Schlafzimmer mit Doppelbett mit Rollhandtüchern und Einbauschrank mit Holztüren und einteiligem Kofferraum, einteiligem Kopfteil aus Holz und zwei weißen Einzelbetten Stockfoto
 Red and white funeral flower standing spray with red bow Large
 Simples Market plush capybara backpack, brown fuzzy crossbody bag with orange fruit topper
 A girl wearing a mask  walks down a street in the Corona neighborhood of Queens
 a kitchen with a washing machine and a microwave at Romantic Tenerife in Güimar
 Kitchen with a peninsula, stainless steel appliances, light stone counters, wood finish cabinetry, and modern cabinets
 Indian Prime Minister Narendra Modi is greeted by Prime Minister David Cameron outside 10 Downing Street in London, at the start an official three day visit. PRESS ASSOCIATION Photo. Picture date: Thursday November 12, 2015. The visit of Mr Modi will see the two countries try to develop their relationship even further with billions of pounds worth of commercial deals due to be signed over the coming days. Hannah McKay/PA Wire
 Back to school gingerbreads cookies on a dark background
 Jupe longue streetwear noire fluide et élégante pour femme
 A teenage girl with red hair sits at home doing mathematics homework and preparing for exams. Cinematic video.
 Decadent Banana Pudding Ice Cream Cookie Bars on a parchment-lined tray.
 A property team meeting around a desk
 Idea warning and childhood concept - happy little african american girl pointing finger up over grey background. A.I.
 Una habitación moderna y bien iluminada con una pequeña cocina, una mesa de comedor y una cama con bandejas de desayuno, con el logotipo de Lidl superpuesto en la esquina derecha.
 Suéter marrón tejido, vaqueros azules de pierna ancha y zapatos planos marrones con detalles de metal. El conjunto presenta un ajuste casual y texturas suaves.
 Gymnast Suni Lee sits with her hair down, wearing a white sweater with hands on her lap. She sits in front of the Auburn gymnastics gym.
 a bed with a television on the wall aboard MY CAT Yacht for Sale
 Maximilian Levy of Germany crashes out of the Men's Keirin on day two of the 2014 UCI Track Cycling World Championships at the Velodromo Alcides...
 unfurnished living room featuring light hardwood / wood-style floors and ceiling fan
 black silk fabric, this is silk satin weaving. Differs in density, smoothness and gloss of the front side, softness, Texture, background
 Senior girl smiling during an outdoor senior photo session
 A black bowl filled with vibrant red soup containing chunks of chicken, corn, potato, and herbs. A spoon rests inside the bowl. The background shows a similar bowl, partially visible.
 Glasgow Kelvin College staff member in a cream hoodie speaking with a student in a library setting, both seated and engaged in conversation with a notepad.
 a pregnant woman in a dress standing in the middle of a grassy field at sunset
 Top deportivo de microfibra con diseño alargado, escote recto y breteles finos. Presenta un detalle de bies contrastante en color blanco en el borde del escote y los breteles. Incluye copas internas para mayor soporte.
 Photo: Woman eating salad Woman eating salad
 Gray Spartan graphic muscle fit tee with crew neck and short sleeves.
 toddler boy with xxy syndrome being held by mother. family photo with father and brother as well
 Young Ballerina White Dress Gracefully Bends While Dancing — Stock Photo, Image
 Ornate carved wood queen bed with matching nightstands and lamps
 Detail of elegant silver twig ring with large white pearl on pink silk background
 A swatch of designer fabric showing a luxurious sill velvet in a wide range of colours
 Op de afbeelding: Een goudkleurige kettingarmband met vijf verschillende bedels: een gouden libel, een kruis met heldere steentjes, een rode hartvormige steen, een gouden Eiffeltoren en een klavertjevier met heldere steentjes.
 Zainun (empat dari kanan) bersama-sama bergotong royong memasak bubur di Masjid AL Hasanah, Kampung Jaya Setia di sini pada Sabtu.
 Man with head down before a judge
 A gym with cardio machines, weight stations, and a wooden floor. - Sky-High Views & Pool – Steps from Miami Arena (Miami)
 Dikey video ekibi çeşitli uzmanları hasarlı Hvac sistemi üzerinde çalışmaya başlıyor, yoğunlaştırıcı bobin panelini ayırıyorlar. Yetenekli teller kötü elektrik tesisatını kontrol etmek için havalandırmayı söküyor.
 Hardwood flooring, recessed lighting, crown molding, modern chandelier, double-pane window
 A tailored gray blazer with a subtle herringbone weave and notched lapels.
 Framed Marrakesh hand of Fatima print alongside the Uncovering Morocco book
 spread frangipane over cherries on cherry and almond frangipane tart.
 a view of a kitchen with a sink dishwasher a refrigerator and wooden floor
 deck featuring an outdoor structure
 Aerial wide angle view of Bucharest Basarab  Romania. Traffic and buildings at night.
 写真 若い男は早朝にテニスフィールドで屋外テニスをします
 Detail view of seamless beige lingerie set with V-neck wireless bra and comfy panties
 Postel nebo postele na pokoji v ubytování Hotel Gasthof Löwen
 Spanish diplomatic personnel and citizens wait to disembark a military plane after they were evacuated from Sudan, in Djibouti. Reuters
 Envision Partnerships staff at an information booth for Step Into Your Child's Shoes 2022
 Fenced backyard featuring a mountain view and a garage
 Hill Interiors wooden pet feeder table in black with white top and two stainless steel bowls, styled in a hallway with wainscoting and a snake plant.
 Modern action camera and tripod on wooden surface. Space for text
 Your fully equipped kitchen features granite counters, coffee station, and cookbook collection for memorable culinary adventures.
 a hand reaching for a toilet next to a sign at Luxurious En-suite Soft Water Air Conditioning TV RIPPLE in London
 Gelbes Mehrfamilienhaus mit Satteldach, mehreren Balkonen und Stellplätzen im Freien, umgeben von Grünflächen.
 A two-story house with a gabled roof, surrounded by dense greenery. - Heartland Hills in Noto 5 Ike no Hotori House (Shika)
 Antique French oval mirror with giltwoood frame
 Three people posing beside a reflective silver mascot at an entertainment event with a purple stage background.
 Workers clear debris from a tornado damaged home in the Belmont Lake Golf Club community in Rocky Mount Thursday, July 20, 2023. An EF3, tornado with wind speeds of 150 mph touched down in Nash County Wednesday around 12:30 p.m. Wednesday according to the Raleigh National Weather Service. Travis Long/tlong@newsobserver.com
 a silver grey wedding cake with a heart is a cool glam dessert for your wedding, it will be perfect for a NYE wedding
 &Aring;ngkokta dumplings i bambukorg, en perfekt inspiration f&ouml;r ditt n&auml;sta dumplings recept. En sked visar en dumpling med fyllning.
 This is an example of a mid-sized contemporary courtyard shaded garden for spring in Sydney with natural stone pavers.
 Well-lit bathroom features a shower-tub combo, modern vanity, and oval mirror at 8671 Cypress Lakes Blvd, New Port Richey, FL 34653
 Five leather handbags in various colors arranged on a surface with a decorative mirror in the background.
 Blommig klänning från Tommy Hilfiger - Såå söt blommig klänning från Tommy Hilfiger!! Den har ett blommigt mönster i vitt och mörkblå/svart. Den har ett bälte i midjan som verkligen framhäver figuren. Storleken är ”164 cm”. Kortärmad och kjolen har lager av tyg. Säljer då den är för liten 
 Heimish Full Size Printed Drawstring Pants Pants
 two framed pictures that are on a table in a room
──────
### Task goal
Gather each line of the records holding the string "mirror".

### Exercise result
 Antique French oval mirror with giltwoood frame
 Well-lit bathroom features a shower-tub combo, modern vanity, and oval mirror at 8671 Cypress Lakes Blvd, New Port Richey, FL 34653
 Five leather handbags in various colors arranged on a surface with a decorative mirror in the background.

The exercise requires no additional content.